Here we build a ColumnsTransformer which literally specifies as columns what is in the columns argument of the corresponding subsample. The transofmer itself is displayed in HTML so you can check what exactly was passed as the names of the columns.

numeric_columns = test_frame.select_dtypes("number").columns
categorial_columns = test_frame.select_dtypes("O").columns
transformer = ColumnTransformer([
    ("numeric transformer", StandardScaler(), numeric_columns),
    ("categorial transformer", OneHotEncoder(), categorial_columns)
])

display(HTML(header_template.format(
    "Transformer representation in HTML"
)))
display(transformer)
display(HTML(header_template.format("Transforamtion result")))
display(transformer.fit_transform(test_frame).round(3))
display(HTML(header_template.format("Features names out")))
display(transformer.get_feature_names_out())

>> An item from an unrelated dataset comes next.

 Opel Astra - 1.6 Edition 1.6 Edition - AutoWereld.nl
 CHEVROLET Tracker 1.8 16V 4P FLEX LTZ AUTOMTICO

Transformer representation in HTML

ColumnTransformer(transformers=[('numeric transformer', StandardScaler(),
                                 MultiIndex([('numeric', 'var1'),
            ('numeric', 'var2')],
           )),
                                ('categorial transformer', OneHotEncoder(),
                                 MultiIndex([('categorial', 'var1'),
            ('categorial', 'var2')],
           ))])

In a Jupyter environment, please rerun this cell to show the HTML representation or trust the notebook.
On GitHub, the HTML representation is unable to render, please try loading this page with nbviewer.org.

Transforamtion result

array([[ 1.517, -0.853,  0.   ,  1.   ,  0.   ,  1.   ],
       [-0.193, -1.547,  0.   ,  1.   ,  1.   ,  0.   ],
       [-1.562, -0.853,  1.   ,  0.   ,  1.   ,  0.   ],
       ...,
       [-0.878,  0.188,  1.   ,  0.   ,  1.   ,  0.   ],
       [-0.193, -0.853,  1.   ,  0.   ,  1.   ,  0.   ],
       [ 0.491,  1.229,  0.   ,  1.   ,  0.   ,  1.   ]])

Features names out

array(['numeric transformer__x0', 'numeric transformer__x1',
       'categorial transformer__x2_a', 'categorial transformer__x2_b',
       'categorial transformer__x3_a', 'categorial transformer__x3_b'],
      dtype=object)

It works fine. But in the out feature names it uses x0, x1, x2, ... instead of the input names.

Passing upper levels#

It would be great if sklearn were able to pass the subframe under a certain value of the upper index.

try:
    ColumnTransformer([
        ("numeric transformer", StandardScaler(), ["numeric"]),
        ("categorial transformer", OneHotEncoder(), ["categorial"])
    ]).fit_transform(
        test_frame
    )
except Exception as e:
    print(e)

Selected columns, ['numeric'], are not unique in dataframe

It returns error so it isn’t possible yet.